This blog post is the third part of the series on the ATAD Implementation Act. You can access the previous contributions regarding Hybrid mismatches and the changes in Exit Taxation via the corresponding links.
After the legislator failed to implement the ATAD Directive (Anti-Tax Avoidance Directive) into national law in time by the end of 2019, this has now been done with the ATAD Implementa-tion Act of 30 June 2021.
The ATAD Implementation Act will only result in a few changes to the previously applicable legal situation in the area of the taxation of Controlled Foreign Companies ("CFC"). This is due to the fact that far-reaching regulations already exist in Germany through the national laws on CFCs in the Foreign Tax Act (Außensteuergesetz, AStG).
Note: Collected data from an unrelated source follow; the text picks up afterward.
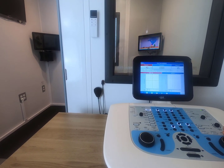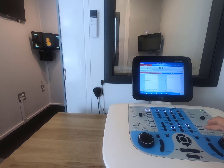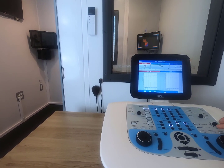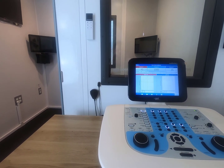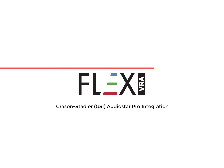With everything installed, we want to test to make sure that our positioning is good for the IR sensors. The way we can really know if we have a good position is how responsive it is to rapid movement, so we'll do those here real quick. And that would be a good installation of the Flex VRA integration cable to the GSI AudioStar Pro.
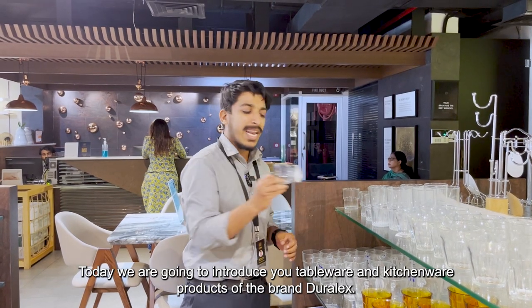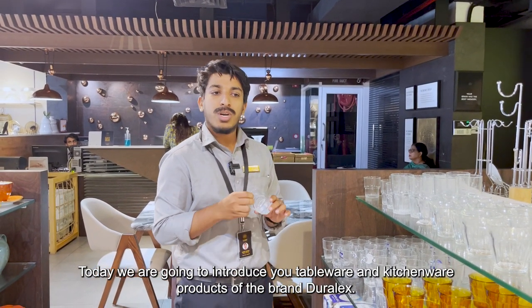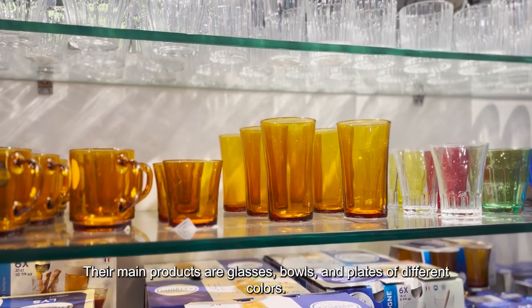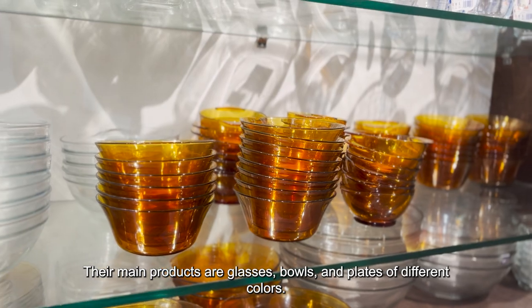What we are going to talk about is Duralex. It is a production of tableware and kitchenware. It is made in plants. There are glasses, bowls, plates, and different colors.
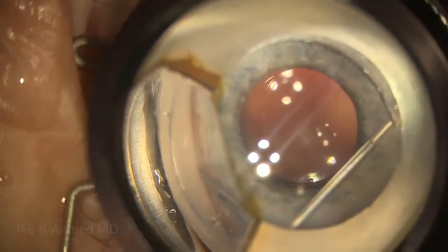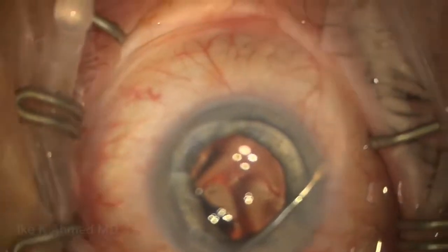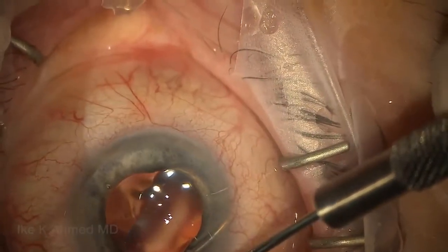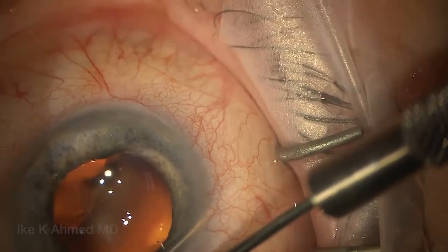Here I want to place the needle just anterior to the trabecular meshwork. This avoids reflux bleeding from the canal should we enter it — going only anteriorly helps to avoid that. We then use a Vero hook for counter-traction, pushing forward, trying to aim for a long track. We can always end up going shorter if we need to, but it's better to go long at first.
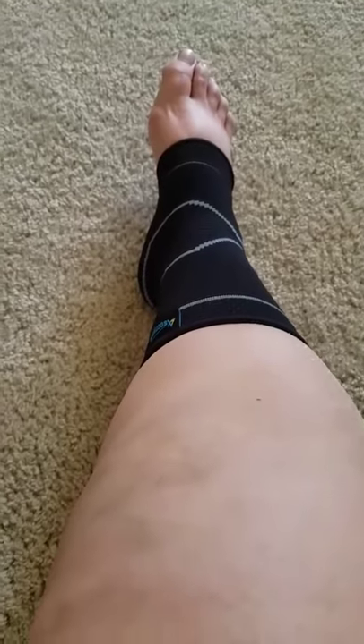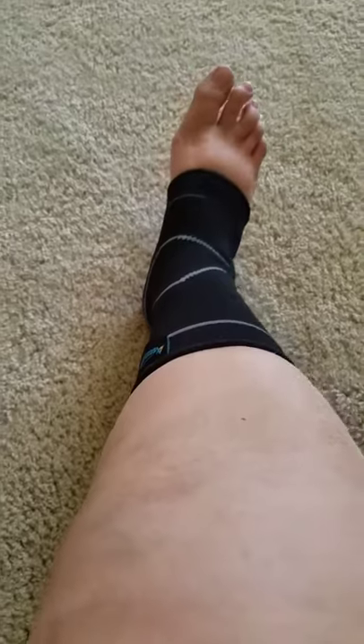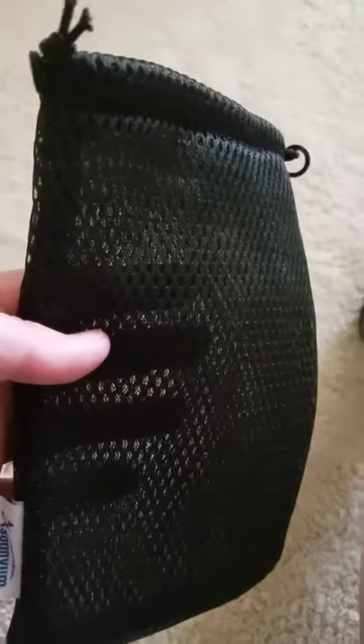This review is for ankle wraps — they wrap your ankle and your foot. They're made by Asunium. They come in a nice little bag like this that you can put them back in, which makes them easy to throw in a duffel bag or backpack.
One major change is the switch to a shareholder-based approach. The decisive criterion is the control of an intermediate company. According to Section 7 Para. 2 German Foreign Tax Act, this is now the case if, at the end of the respective financial year of the foreign company, more than half of the shares in the nominal capital are directly or indirectly attributable to the taxpayer alone or together with persons closely associated with him, or if he is directly or indirectly entitled to more than half of the profits or liquidation proceeds. In this context, the associated persons do not have to be domestic residents. The legislator thus abandons the concept of national control. The risk of accidental or even unknown national control will thus be avoided in the future.
The decision of the legislator to define a catalogue of active income instead of passive income in Section 8 AStG contrary to the ATAD, remains unchanged. The catalogue was, however, partially revised. Among other things, interest is now always to be regarded as passive income. The regulation on dividends, which had formerly been clearly laid out, was also revised. Previously, all profit distributions by corporations were considered as active income without exception. Now, only certain intercompany dividends qualify as active income. The tax rate of 25%, which is the threshold for a "low taxation", has, however, remained unchanged.
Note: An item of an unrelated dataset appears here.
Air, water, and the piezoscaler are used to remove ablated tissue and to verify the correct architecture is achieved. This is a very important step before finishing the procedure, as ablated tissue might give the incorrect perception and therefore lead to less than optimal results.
The new legal situation also entails a change in the exemption limit for mixed income (Section 9 AStG). To begin with, the revenue, instead of the gross income, is now the relevant factor. In addition, the threshold of EUR 80,000 per company has been eliminated.
The relevant point in time for attributing CFC-income to the taxpayer has also changed. Whereas under the old law, pursuant to Section 10 Para. 2 Sen. 1 AStG, the CFC-income was deemed to be attributed immediately after the end of the relevant financial year of the foreign company, under the new law it is deemed to be attributed in the assessment period in which the relevant financial year of the foreign company ends.
The new provisions are generally to be applied for the first time for the assessment periods for which CFC-income is to be attributed resulting from a financial year of the intermediate company or permanent establishment that begins after 31 December 2021.
As mentioned above, though the ATAD Implementation Act only results in a few changes to the applicable legal situation, these must be taken into account in tax planning. This applies in particular with regard to the changes to the active income catalogue in Section 8 AStG with respect to profit distributions by corporations. There is an acute need for action here in the case of free float shares, as these are no longer covered by the new active income catalogue. Particularly due to the far-reaching changes made by the ATAD in the other areas, the changes regarding the CFC-rules must not be neglected.